Given entries:
————————

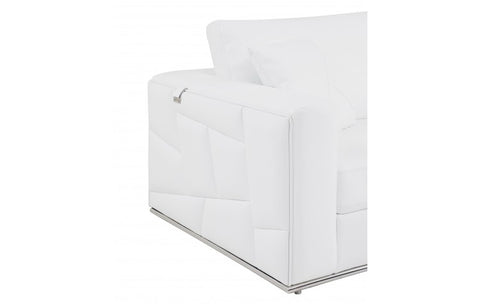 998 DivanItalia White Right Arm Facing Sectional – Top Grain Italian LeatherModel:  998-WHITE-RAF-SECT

————————

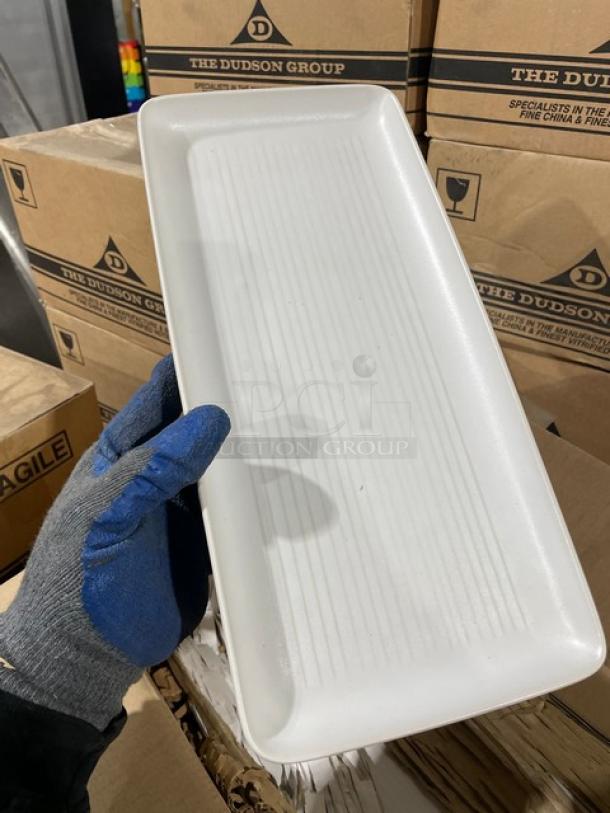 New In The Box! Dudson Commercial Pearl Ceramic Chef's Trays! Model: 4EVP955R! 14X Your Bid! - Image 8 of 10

————————

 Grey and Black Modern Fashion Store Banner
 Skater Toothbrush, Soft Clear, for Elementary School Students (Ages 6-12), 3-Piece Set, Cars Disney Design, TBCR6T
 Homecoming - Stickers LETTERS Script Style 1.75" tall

————————

To do:
Retype exactly the lines of the data above that fall between the line with "Grey and Black Modern Fashion Store Banner" and the line with "Homecoming - Stickers", inclusive, and add nothing.

The completed task:
 Grey and Black Modern Fashion Store Banner
 Skater Toothbrush, Soft Clear, for Elementary School Students (Ages 6-12), 3-Piece Set, Cars Disney Design, TBCR6T
 Homecoming - Stickers LETTERS Script Style 1.75" tall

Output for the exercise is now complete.